9. Femme 2000 : Aviez-vous improvisé certaines histoires au fil du récit ou connaissez-vous la déjà la fin de l’histoire avant de l’écrire ?
Mme Habi Bamba Seydi Zono : Écrire, c’est un peu comme jouer du jazz ou du blues. C’est une improvisation maîtrisée. Il y a des moments où les personnages prennent vie dans mon esprit avec leurs propres idées et leurs propres histoires. J’ai une muse tenace, une source d’inspiration intérieure qui peut se manifester à n’importe quel moment, même au milieu de la nuit. Il m’est alors impératif de saisir rapidement ces idées et ces récits avant qu’ils ne s’estompent. Parfois, cette inspiration arrive de manière désordonnée, comme si les pièces d’un puzzle étaient éparpillées dans mon esprit. Il m’arrive de devoir rassembler ces fragments, de les ordonner et de les relier pour créer une histoire cohérente. Cela peut être un processus complexe, mais c’est aussi l’un des aspects les plus fascinants de l’écriture. C’est comme si j’étais un instrument de musique et que je devais improviser une mélodie à partir des notes qui me sont données. Ainsi, bien que je puisse avoir une idée générale de la direction que prendra l’histoire, il y a toujours une part d’improvisation dans mon processus d’écriture, et de création. C’est cette spontanéité qui rend chaque projet unique et captivant, à la fois pour moi en tant qu’auteur et pour les lecteurs qui découvrent l’histoire au fil des pages.
10. Femme 2000 : Comment êtes — vous parvenu à mettre ce titre en place ? Avez-vous d’autres titres en gestation ?
Mme Habi Seydi Zono Bamba : Le titre de mon livre, « Koulouba, la colline du pouvoir : Une histoire d’amour dans un Mali en pleine révolte », évoque l’atmosphère dans laquelle se déroule mon récit. Lorsque j’ai commencé à rédiger ce livre, le Mali vivait sa deuxième décennie de démocratie, et l’esprit de coopération entre la colline du Savoir et la colline du Pouvoir était palpable. Cette harmonie s’étendait même jusqu’à la Vallée de l’Ignorance, qui était entraînée dans leur ascension vers le progrès. Les femmes s’émancipaient, la presse était libérée et la jeunesse studieuse était épanouie. Cependant, tout a basculé de manière inattendue. Avant même que je ne termine l’écriture de mon livre, le pays a été secoué par la rébellion au nord, des troubles au centre et le putsch au sud. La révolte était déclarée, et la Vallée de l’ignorance s’est alliée à d’autres régions similaires pour prendre le dessus sur les deux collines, entraînant un bouleversement sans précédent. Bien que cette tentative ait échoué, le désordre était installé. C’est dans ce contexte tumultueux que se déroule mon récit, une histoire d’amour entre une femme du nord et un homme du sud.
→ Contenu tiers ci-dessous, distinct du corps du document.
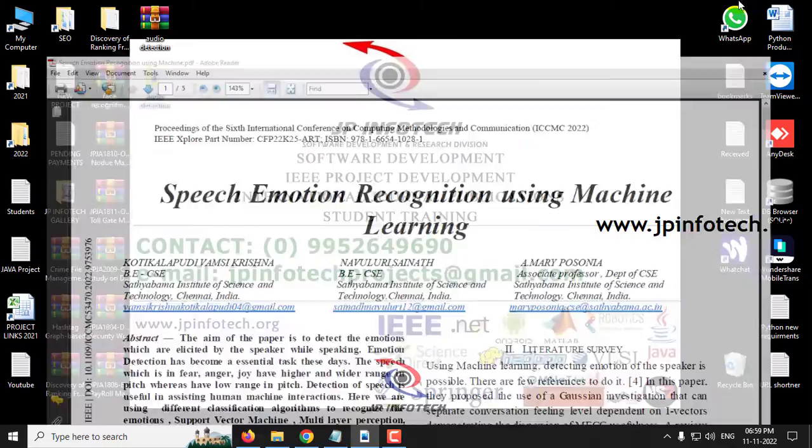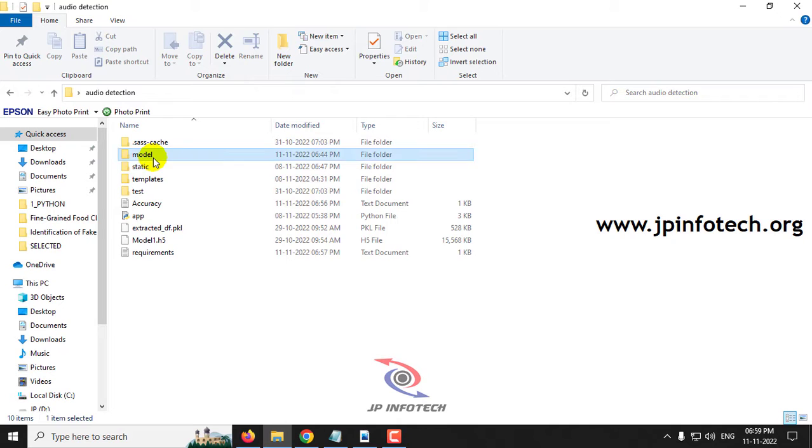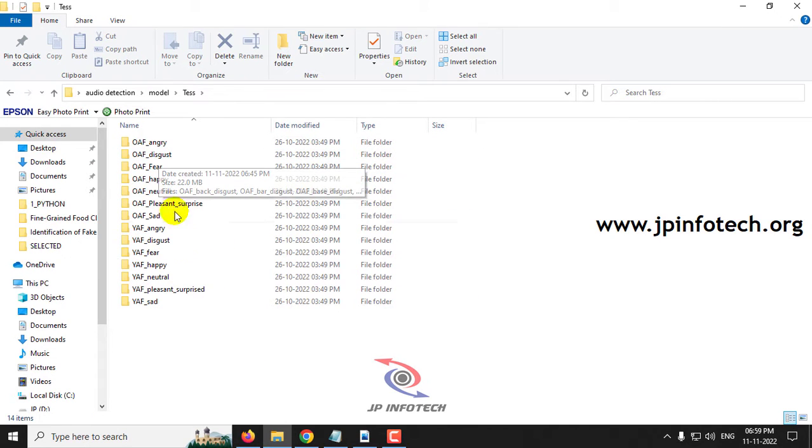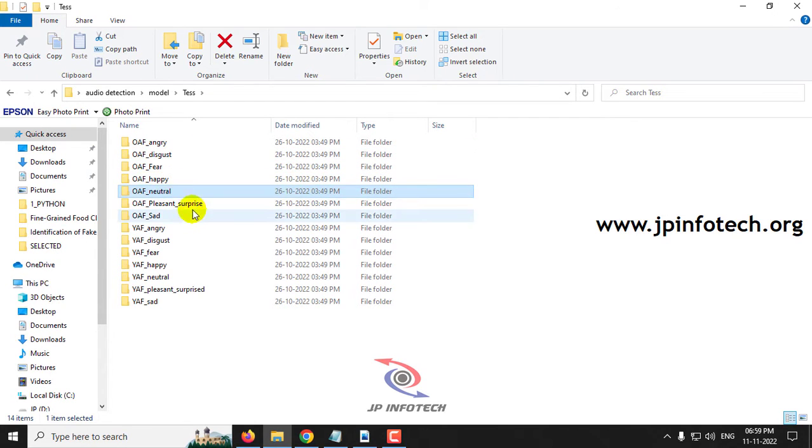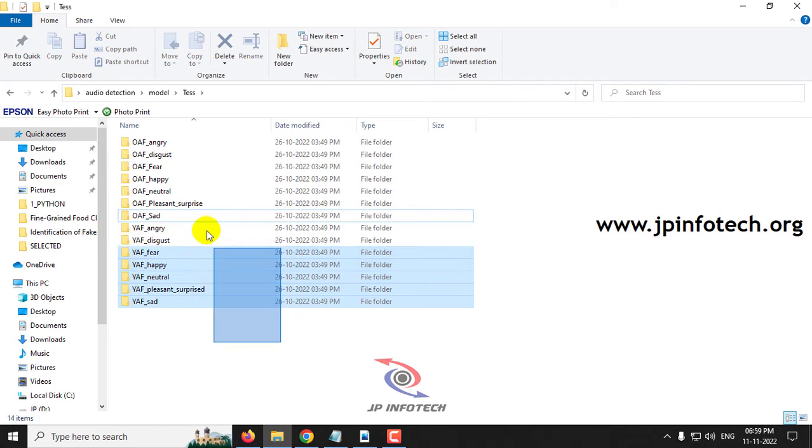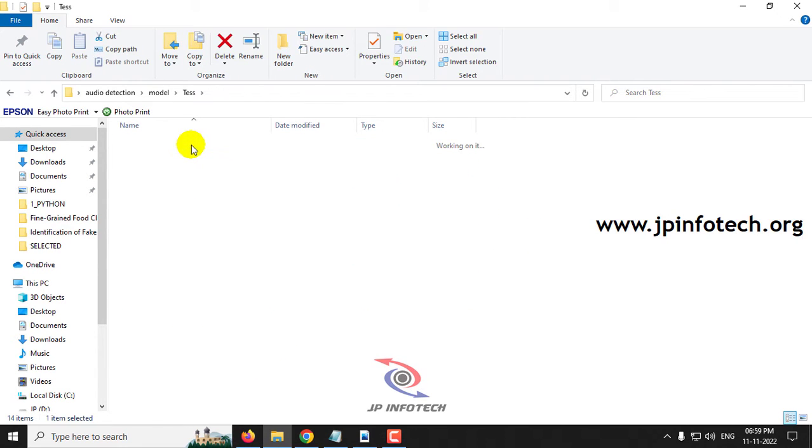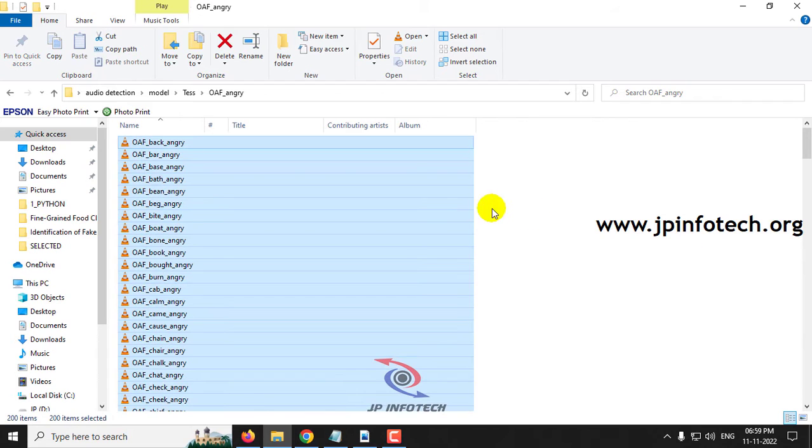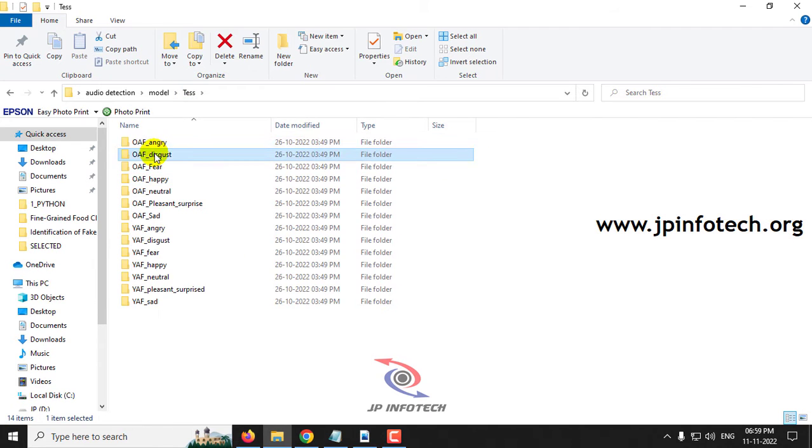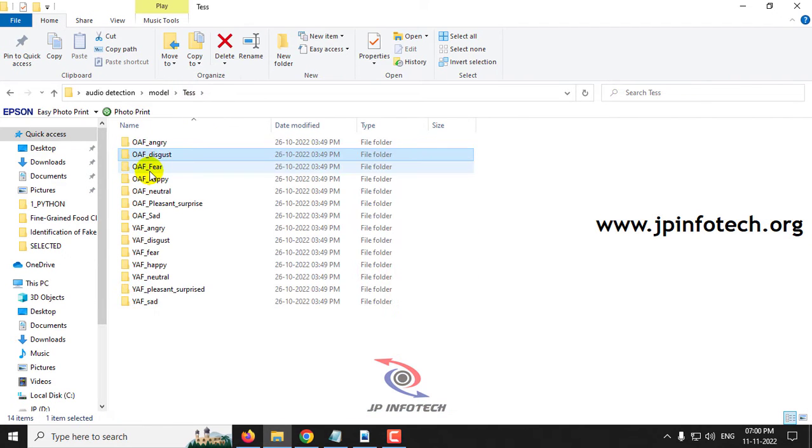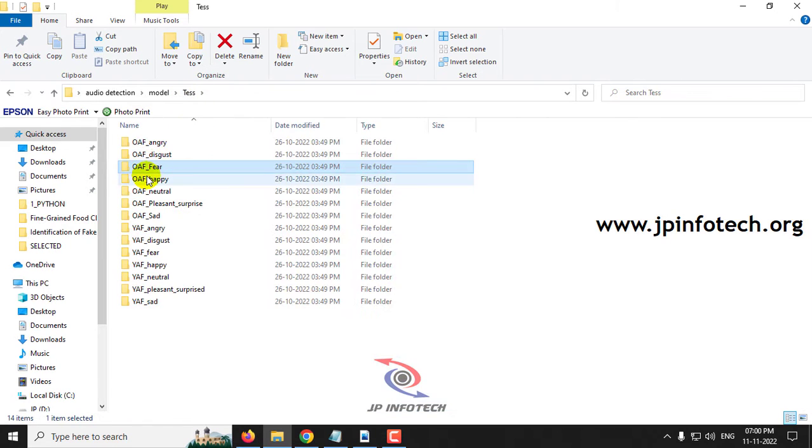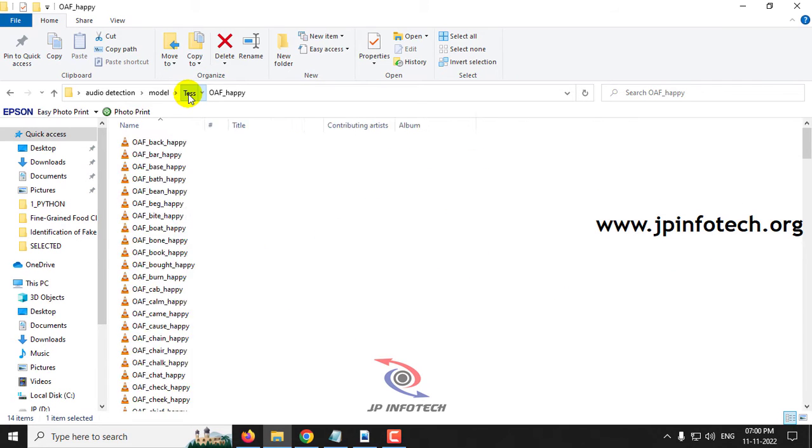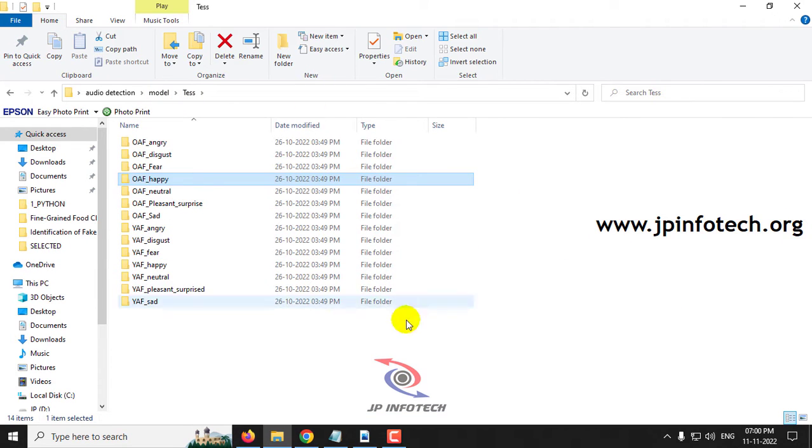So now let us see the dataset. You can see the dataset which consists of classifications like angry, disgust, fear, happy, neutral, pleasant, surprise, and sad. Let me show you each folder. Each folder consists around 200 audio files per classification. These are the things that we will be training.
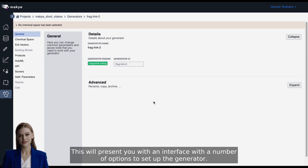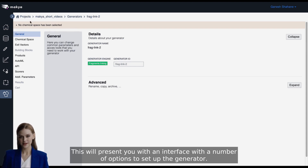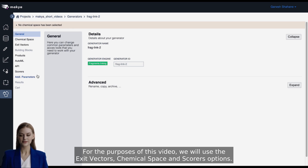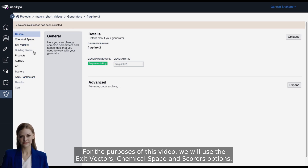This will present you with an interface with a number of options to set up the generator. For the purposes of this video, we will use the Exit Vectors, Chemical Space, and Scorers options.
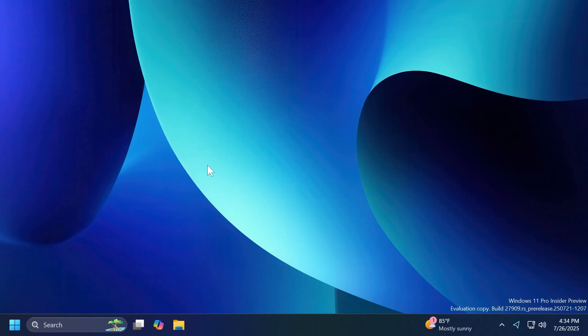Of course, for additional information and previously known issues, you can check out the article below or the official Microsoft blog post. This is the build for today, the Canary Build 27909. Not anything too interesting in it, but of course, it is a new build.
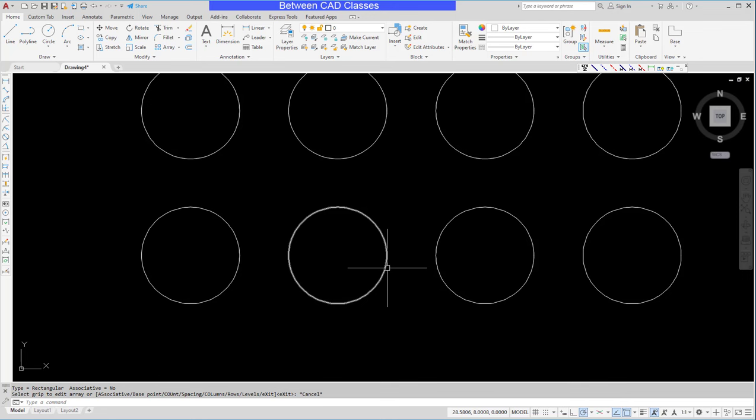So once again, to create a keyboard shortcut, you just simply need to drag that command into the shortcut area and then assign the keyboard shortcut itself. That concludes this look at creating keyboard shortcuts in AutoCAD.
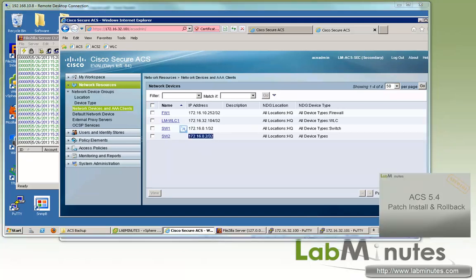That wraps up our video on ACS 5.4 backup and restore. You can visit our website to view an extensive list of our lab videos and sign up to get access to additional lab contents. Thank you for watching LabMinutes.com and I'll see you guys in the next video.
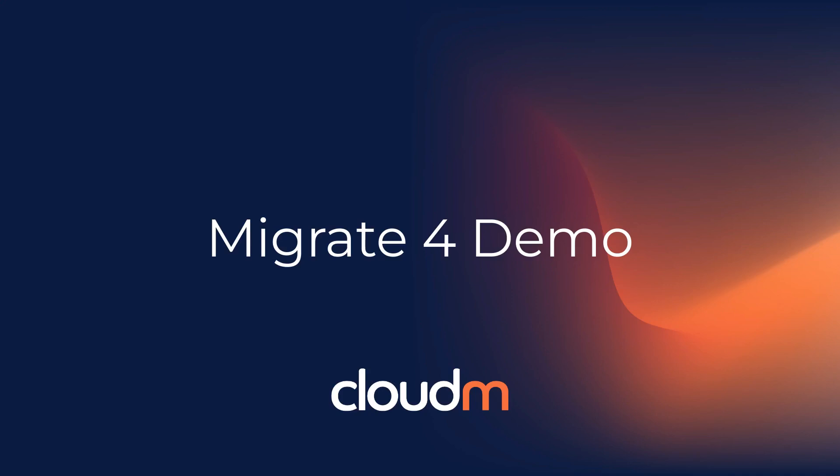Welcome to the Migrate 4 demo. Today, we'll take you through the new and improved features of Migrate 4, showing you how easy it is to manage and execute your migration projects with this updated interface. Let's get started!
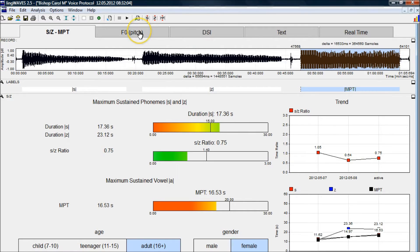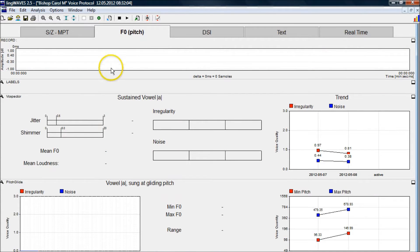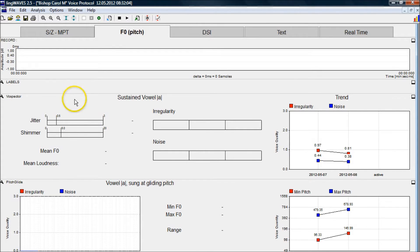The next screen is the pitch screen. On this screen we measure voice quality during a four-second phonation. We also measure pitch range with a glide from the client's lowest pitch to their highest pitch, going up into falsetto or the head voice.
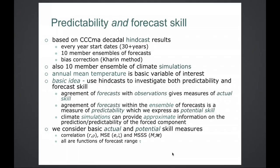By predictability, we mean the perfect model predictability aspect, and forecast skill. It's based on our models' Decadal Hindcast results — every year, 30 start dates, 10 members, Karen bias correction method. We also have a 10-member ensemble of climate simulations, and we consider annual mean temperature as the basic variable. The basic idea is to use the hindcast to investigate both predictability and forecast skill. The agreement of the forecast with the observations gives us the actual skill, and the agreement of the forecasts amongst themselves is a measure of predictability, which we term potential skill if we express it the same way as actual skill.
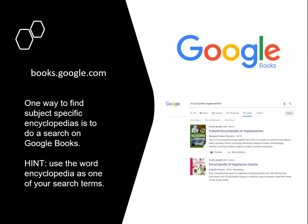Nowadays, a ton of information is available online, and that includes encyclopedias. Let's start with Google Books. You can search for encyclopedia entries on Google Books by typing "encyclopedia" as one of your search terms — for example, "encyclopedia vegetarianism."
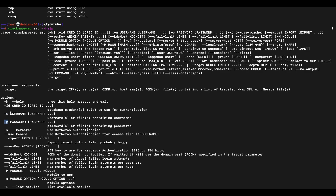The -u parameter allows us to input just one username or a file containing multiple usernames. Similarly, for the -p password parameter, we can choose to input just one password value or a file containing multiple passwords.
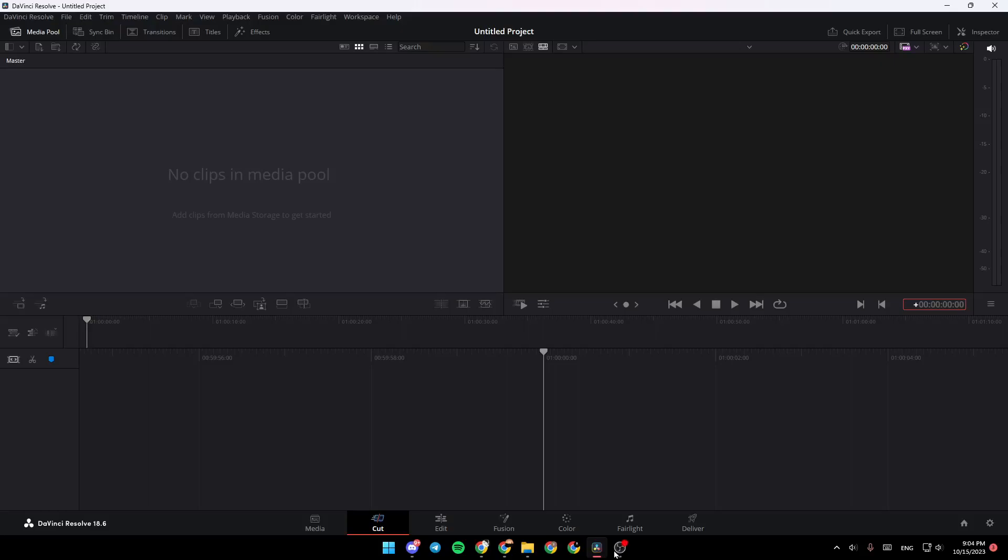Hello everyone and welcome back to a new video. In this video I'm going to show you how to fix overexposed video in DaVinci Resolve 18. If you want to learn how to do it, just follow the steps that I'm going to show you.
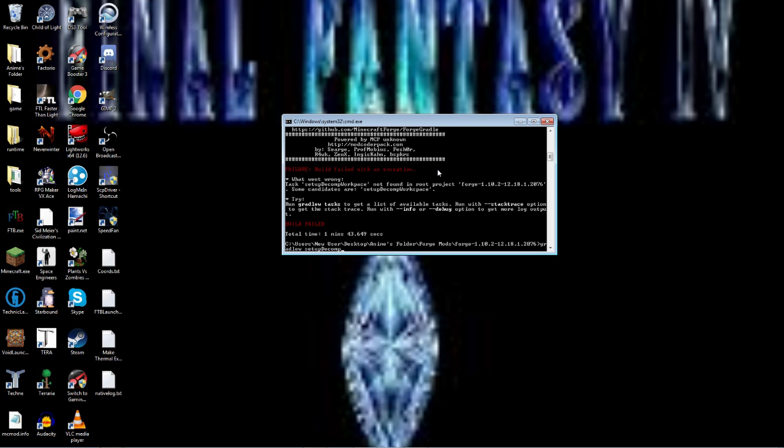It's just gradlew setupDecompWorkspace. Pretty sure we spelled it right that time.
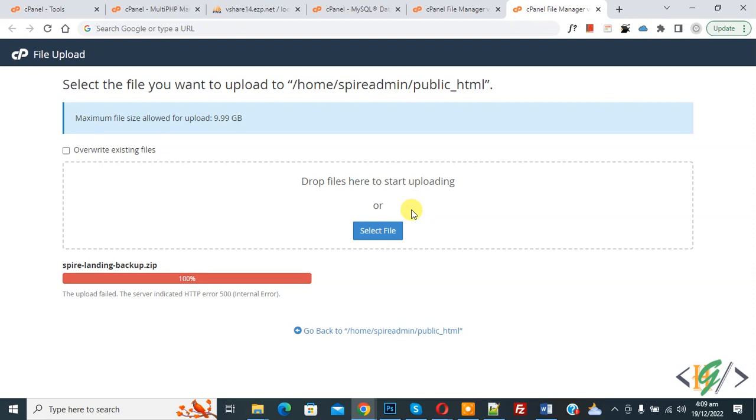Most of the time when this occurs on a cPanel server, it's due to having invalid coding in the .htaccess file. Another common cause is that your server does not have enough memory to allocate to the request.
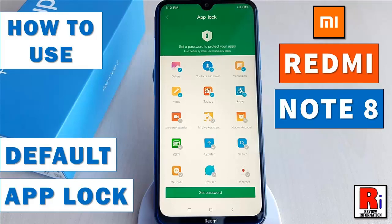Hello viewers and welcome to review information. In this video I will show you how to use default app lock in Xiaomi Redmi Note 8 smartphone.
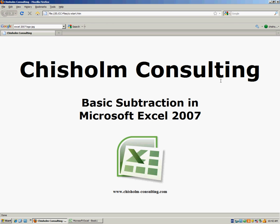Basic Subtraction in Microsoft Excel 2007. Most people are pretty familiar with the AutoSum feature which allows you to easily add two or more values. If you need to do basic subtraction in Microsoft Excel, you can use the AutoSum feature as well with a slight adjustment to your technique.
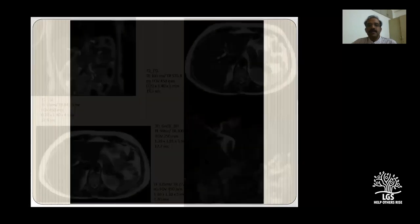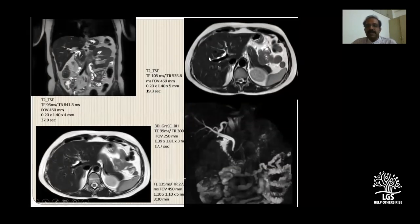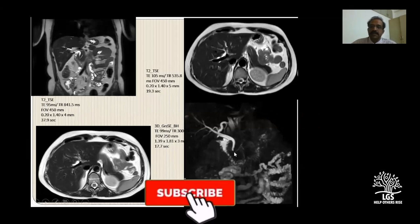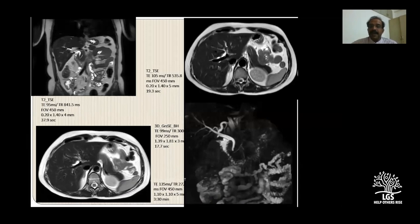MRCP sequences usually take considerable time - around half an hour on older scanners. With newer scanners we have a very fast imaging technique called compressed sense imaging. What used to take around six minutes is now done in far less time. This MRCP sequence took just 17.7 seconds, and the T2 axial and portal images took around 19.3 seconds. The image quality is exquisite. There is a big advantage - even if the patient is sick and cannot hold breath, we have good sequences to overcome these difficulties.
Les personnages principaux sont confrontés aux défis et aux dangers de cette période de révolte. Le titre de mon livre reflète donc à la fois l’importance du pouvoir politique symbolisé par la colline de Koulouba, ainsi que l’amour qui se développe entre les protagonistes malgré les circonstances difficiles.
En choisissant ce titre, j’ai voulu capturer l’essence même de l’histoire que je raconte, en mettant en avant les enjeux politiques et sociaux du Mali en pleine révolte, tout en mettant en lumière l’aspect humain et émotionnel de l’histoire d’amour qui se déroule en parallèle.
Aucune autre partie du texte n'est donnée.